Your goal
Line by line, repeat the material below exactly and leave the images out.

Information supplied
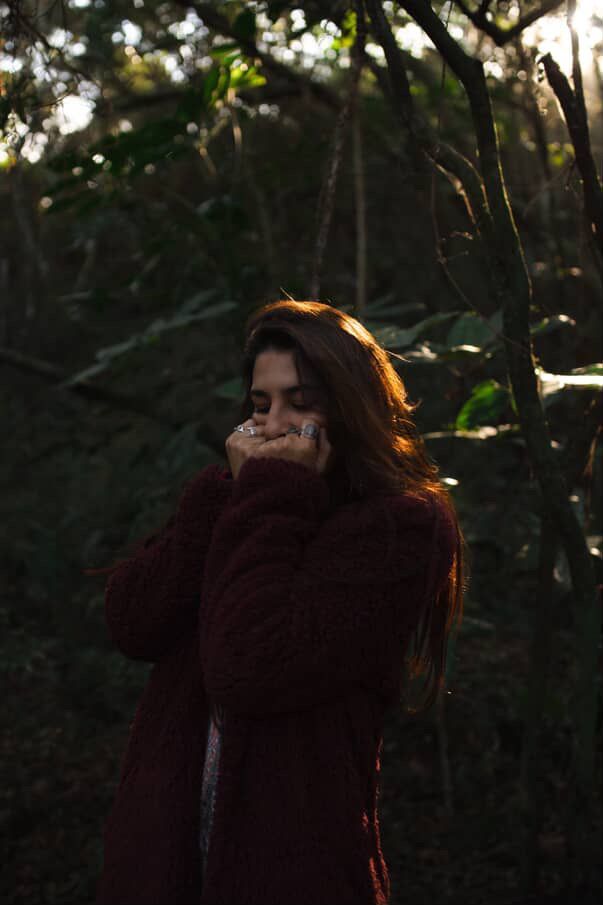 Mulher com longos cabelos castanhos, usando um suéter marrom, ao ar livre em uma floresta, com as mãos cobrindo a boca.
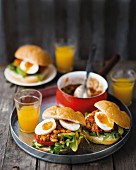 Bread rolls with a spicy bean sauce, eggs, rocket and tomatoes for brunch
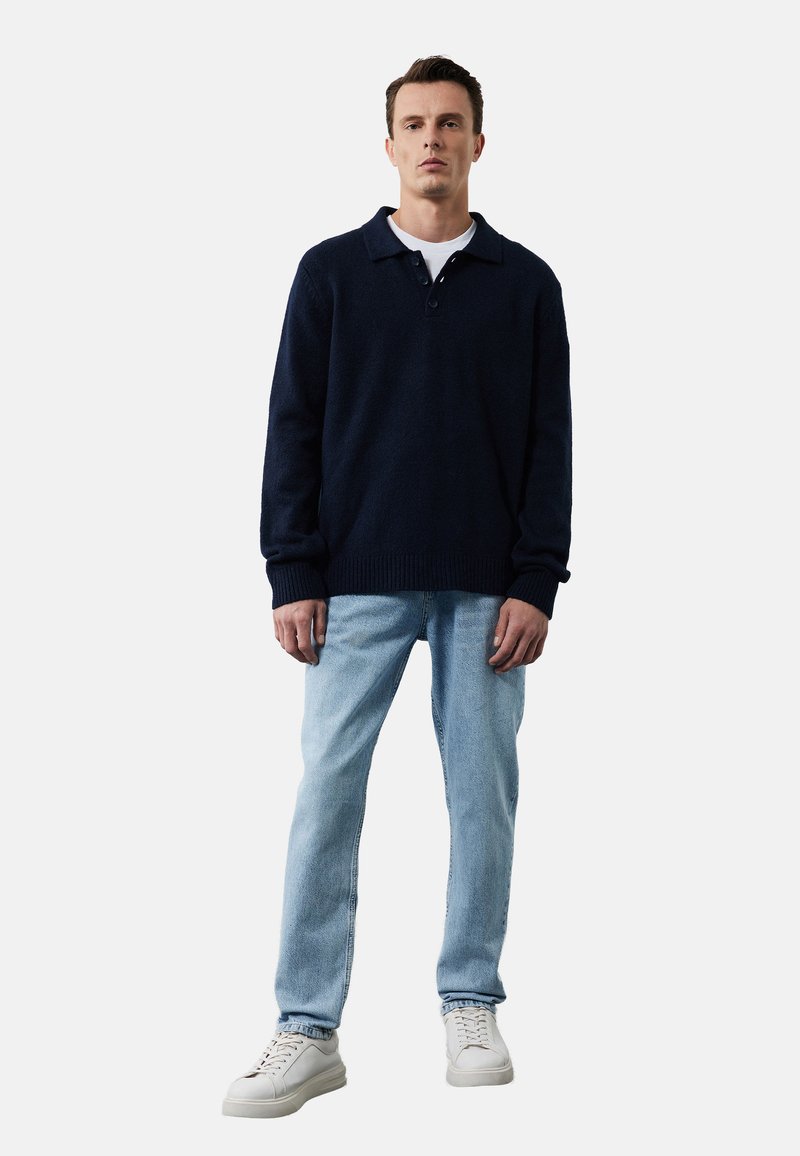 Granatowy sweter robiony na drutach z kołnierzykiem i dwoma guzikami, połączony z jasnoniebieskimi dżinsami i białymi trampkami. Luźny krój.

Solution below
 Mulher com longos cabelos castanhos, usando um suéter marrom, ao ar livre em uma floresta, com as mãos cobrindo a boca.
 Bread rolls with a spicy bean sauce, eggs, rocket and tomatoes for brunch
 Granatowy sweter robiony na drutach z kołnierzykiem i dwoma guzikami, połączony z jasnoniebieskimi dżinsami i białymi trampkami. Luźny krój.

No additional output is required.